Walking was a different story. I was really looking forward to getting out there today, bit halfway through my first lap I felt like I was done. I was dragging, not keeping a good pace. I wanted to just call it quits after just that one.

I was sick yesterday, so that was my excuse for wanting to quit today. But more than wanting to quit,I wanted to beat my 2.5 miles from Tuesday. If i had gone any less than that I would have felt like I failed myself today.

I know that isn't really the truth though. Honestly, I am more active in a day than I was just two weeks ago and anything up from that is progress in my book. I kept with it though. By the time I rounded my final lap and made it back to my car I had gone 2.93 miles! Almost 3 miles! And, each lap got easier. I could have and probably would have gone around once more, but it had started to rain. Not the drizzle I dealt with for most of my walk, it started coming down pretty good and I figured that was a good time to call it a day.

I am amazed at how far I have come in just 11 short days. I am down about 7 pounds, and that number is a little high because I was sick....I am looking to continue losing about 1.5 pounds a week from here on out. If you had told me two weeks ago where I would be today I would have laughed in your face.

If I can do this, anyone can do this. All it takes is the determination and drive to want to change. I am so glad I found it.

Wednesday, October 4, 2017

Day 10: sick day

No workout today and I stopped counting calories at lunch. I feel completely awful, so I will be spending the evening resting with my family. Hopefully I can be back at it tomorrow.

Tuesday, October 3, 2017

Day 9: Doin' my thang

I came to a few realizations today. I have lots of time to think while I am walking. The first thing that came to my mind was that for this last week I have not only been walking, but I go alone everyday. I'm pretty proud of myself. I used to think I needed someone by my side for everything. Anxiety is like that. I think that I was so convinced that if I tried something alone then I would be judged. I had myself convinced the only way to succeed with weight loss was having a workout partner. Turns out I just needed to let others in on my life, that is all the accountability I need.

My second epiphany came to me as I was trudging back up the hill to my car. I was just about through my second lap around the track when I caught myself trying to rationalize why I couldn't do a third lap. Physically I was feeling fantastic. Much of exercise is a mental game, even more mental than physical I would say. The reasons I was coming up with were silly.

I can see this is why failure is so high, we tell ourselves we just can't do it. I am not sure how I shut my mind out, but at the end of the second lap I found myself turning instead of going back up the hill to my car. As a result I made it over two miles today!

Our minds are powerful, but so is determination. Heres to continuing to shut out that negativity that says I cannot do this.

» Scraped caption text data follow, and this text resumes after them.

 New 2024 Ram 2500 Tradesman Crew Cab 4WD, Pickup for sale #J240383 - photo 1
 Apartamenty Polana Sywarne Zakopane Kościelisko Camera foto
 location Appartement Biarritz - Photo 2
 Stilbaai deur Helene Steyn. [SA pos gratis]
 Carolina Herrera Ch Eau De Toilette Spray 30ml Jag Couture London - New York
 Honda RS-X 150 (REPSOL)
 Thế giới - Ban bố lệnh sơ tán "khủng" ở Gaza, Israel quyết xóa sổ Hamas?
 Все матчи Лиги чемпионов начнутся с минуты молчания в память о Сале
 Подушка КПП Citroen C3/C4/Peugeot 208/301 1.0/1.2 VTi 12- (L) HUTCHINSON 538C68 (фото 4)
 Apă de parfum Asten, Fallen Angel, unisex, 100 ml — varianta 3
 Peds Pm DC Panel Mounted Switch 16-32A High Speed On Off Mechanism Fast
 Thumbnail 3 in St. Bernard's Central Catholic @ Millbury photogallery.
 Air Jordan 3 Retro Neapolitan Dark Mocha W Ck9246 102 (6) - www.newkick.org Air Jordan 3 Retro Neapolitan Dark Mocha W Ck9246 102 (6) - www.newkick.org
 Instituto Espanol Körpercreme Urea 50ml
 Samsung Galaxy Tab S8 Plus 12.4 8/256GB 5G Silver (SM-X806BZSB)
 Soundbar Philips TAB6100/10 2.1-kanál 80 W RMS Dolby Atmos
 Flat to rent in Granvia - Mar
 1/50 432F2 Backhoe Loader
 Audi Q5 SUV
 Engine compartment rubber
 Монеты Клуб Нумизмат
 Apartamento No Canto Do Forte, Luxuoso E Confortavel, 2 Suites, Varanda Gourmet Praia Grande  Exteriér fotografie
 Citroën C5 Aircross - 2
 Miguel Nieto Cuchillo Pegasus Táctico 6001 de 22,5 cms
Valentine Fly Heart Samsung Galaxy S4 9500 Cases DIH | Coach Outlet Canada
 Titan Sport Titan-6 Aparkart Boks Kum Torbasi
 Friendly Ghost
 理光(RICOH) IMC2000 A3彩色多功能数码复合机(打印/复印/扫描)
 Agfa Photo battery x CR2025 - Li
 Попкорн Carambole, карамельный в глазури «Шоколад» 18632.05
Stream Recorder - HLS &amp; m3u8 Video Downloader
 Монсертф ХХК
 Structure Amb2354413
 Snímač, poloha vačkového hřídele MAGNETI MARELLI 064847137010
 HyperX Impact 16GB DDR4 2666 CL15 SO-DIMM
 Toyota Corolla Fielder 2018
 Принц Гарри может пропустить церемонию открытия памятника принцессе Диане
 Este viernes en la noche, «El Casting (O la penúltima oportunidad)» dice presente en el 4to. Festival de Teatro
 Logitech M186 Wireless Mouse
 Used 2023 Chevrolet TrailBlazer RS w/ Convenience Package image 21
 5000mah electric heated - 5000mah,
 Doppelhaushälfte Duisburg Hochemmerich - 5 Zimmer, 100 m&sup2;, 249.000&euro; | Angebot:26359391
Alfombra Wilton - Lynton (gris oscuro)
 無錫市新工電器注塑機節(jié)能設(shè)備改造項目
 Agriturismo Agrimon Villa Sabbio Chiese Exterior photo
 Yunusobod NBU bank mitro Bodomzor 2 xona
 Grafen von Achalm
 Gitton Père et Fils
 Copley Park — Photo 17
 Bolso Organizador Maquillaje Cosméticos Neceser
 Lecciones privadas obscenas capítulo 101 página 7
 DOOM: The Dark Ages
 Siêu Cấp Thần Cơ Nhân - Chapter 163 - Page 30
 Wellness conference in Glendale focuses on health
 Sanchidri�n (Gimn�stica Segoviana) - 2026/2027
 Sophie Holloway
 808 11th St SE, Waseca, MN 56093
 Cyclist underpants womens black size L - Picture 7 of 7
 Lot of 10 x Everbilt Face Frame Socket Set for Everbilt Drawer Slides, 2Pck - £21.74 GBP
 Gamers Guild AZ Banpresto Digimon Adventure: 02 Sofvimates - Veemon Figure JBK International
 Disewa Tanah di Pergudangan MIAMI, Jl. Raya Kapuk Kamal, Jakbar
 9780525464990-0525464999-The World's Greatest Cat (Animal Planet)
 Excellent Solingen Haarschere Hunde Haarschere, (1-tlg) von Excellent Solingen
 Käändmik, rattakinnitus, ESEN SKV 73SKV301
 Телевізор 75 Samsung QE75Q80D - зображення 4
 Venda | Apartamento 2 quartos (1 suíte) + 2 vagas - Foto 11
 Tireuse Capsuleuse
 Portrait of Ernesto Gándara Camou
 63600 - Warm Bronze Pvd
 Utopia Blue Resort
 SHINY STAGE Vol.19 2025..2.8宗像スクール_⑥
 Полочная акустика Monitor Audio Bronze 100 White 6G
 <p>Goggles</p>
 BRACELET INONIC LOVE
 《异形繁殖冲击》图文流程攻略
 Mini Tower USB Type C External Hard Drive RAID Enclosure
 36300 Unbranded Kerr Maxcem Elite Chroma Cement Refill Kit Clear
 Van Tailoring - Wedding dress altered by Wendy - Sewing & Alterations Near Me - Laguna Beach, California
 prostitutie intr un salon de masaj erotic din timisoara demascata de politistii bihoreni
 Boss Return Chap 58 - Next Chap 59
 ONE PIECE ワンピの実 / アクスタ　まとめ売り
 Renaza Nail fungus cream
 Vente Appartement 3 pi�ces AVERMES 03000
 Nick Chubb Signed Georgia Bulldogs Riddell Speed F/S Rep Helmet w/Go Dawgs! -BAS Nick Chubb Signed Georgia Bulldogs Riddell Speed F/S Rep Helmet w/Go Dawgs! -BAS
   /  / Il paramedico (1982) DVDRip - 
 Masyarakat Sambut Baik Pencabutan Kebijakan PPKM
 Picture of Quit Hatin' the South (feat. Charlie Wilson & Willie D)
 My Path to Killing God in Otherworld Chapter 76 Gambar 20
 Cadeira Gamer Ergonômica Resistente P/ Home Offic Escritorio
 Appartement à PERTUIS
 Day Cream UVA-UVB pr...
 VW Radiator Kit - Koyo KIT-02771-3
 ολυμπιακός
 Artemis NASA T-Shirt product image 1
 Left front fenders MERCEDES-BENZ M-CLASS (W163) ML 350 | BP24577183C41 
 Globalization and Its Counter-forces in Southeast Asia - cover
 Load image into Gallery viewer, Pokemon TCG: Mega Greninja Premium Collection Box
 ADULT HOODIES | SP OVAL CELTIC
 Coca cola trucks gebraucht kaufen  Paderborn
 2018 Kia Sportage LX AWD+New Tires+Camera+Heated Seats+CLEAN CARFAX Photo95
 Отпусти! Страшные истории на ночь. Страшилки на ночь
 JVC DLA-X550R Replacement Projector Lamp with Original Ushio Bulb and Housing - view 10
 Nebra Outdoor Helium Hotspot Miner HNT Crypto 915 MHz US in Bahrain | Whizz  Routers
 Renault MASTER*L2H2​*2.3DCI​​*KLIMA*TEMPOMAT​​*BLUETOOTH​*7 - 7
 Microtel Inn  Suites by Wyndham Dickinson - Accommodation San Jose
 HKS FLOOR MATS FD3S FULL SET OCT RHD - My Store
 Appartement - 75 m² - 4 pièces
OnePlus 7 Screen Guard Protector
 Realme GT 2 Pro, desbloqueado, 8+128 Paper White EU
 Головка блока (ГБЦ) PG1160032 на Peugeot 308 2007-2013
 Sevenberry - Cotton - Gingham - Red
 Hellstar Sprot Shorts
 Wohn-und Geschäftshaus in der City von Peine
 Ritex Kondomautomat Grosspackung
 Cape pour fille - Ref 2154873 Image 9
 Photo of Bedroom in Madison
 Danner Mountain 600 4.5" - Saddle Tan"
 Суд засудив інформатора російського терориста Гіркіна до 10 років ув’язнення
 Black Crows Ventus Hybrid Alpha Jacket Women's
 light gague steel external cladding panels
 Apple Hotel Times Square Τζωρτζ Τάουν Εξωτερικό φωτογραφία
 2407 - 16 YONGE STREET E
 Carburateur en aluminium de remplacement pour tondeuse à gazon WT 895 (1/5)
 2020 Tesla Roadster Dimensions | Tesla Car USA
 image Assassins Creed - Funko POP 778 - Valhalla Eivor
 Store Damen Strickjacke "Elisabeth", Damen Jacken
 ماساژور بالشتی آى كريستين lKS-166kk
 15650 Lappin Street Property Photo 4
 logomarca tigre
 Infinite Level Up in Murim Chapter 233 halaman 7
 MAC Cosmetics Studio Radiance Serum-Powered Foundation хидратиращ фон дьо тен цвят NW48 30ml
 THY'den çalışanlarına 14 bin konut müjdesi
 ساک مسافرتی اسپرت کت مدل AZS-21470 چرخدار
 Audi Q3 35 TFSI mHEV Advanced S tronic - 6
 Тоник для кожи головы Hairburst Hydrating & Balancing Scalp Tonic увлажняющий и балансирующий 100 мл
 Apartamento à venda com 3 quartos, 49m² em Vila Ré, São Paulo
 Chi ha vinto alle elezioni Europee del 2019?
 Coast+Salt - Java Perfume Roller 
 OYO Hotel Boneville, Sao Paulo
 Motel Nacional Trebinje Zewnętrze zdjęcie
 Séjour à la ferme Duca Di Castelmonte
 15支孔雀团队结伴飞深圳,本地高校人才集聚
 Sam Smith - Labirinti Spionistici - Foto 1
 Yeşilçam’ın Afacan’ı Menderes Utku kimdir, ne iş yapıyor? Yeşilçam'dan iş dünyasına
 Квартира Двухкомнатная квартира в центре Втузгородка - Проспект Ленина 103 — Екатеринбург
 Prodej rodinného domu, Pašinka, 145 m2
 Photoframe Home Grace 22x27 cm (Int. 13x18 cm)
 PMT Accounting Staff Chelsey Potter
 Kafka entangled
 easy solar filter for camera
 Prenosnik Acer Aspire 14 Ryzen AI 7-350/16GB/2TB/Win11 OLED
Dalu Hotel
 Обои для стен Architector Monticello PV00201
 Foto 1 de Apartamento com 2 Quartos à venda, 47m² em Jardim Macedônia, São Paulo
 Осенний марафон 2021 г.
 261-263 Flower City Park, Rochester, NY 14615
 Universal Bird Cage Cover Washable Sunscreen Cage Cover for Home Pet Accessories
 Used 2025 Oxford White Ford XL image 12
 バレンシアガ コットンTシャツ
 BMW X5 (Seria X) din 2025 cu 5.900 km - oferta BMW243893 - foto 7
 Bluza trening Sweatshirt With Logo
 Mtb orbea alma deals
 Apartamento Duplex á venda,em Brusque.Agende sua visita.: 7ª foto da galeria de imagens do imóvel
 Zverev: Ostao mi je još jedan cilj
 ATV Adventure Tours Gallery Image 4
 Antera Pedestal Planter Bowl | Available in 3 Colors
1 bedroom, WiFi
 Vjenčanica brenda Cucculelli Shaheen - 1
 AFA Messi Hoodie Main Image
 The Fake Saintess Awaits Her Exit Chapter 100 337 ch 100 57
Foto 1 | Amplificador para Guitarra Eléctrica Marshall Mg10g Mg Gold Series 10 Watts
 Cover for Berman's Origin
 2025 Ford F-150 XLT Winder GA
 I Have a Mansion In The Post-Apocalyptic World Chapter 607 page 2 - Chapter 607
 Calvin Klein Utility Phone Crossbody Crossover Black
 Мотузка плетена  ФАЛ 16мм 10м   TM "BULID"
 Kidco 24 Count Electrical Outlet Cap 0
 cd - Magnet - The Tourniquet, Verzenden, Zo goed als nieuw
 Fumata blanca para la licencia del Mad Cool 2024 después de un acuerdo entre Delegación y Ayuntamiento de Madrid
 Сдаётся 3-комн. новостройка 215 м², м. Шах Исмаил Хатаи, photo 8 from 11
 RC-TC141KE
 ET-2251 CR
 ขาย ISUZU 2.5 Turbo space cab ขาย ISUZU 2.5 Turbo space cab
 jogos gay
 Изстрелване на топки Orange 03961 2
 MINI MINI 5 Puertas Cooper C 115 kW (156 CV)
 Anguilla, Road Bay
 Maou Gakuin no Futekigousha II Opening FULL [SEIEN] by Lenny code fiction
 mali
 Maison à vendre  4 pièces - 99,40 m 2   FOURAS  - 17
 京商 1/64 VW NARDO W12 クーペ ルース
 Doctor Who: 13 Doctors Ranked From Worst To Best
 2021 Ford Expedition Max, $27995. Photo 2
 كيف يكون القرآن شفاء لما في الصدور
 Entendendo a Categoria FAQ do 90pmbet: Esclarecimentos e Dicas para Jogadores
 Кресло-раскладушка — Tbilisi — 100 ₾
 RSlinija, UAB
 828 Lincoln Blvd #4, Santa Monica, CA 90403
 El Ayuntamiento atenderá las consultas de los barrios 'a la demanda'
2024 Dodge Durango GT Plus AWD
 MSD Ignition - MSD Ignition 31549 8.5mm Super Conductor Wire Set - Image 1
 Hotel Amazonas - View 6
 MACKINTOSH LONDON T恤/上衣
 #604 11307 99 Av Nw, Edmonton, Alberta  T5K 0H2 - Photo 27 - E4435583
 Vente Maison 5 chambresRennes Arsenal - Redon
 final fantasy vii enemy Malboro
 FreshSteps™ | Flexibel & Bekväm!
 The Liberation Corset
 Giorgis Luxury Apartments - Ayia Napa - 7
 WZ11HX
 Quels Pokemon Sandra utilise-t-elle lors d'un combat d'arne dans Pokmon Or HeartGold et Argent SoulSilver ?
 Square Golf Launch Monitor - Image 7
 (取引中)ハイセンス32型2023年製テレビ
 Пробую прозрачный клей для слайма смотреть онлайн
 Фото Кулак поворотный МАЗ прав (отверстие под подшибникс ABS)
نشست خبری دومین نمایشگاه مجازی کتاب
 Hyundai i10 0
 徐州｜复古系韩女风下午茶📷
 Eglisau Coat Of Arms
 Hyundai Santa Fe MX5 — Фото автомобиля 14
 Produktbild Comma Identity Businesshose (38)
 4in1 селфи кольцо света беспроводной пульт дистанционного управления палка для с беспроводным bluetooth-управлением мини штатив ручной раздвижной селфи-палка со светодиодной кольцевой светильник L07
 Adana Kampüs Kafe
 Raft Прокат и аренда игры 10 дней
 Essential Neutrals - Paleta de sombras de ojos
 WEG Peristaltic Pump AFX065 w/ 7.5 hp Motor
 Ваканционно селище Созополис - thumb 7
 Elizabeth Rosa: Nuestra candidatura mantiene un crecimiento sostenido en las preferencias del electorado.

I can and I am!

Monday, October 2, 2017

Days 7 and 8

Well, I am officially one week into my new lifestyle. I am feeling pretty optimistic towards my future. The junk food cravings aren't as strong and making wiser choices is coming easier. I am so thankful that I found some yummy snack choices.

Now that I have a week behind me I have a pretty good idea of what I want my days to look like. I have decided to work out five days a week, taking the day off on Monday and Saturday. Walking is my choice of exercise right now. I find new ways to challenge myself, whether it be pushing for that extra lap or walking a different path all together. Each day I push and go a little bit further. It is getting a bit easier too. I don't tire out quite as quickly, my times are getting a little better. And, most important, my feet don't hurt as bad as they did when I first started.

The biggest lesson I have taken away so far is that motivation makes all the difference. When I decided to go on this journey I knew that it had to be for more than the sake of appearance. I keep telling myself that by losing this weight I will feel healthier in general and that is was has kept me going.

Week two is off to a promising start. Can't wait to see how far I go this week!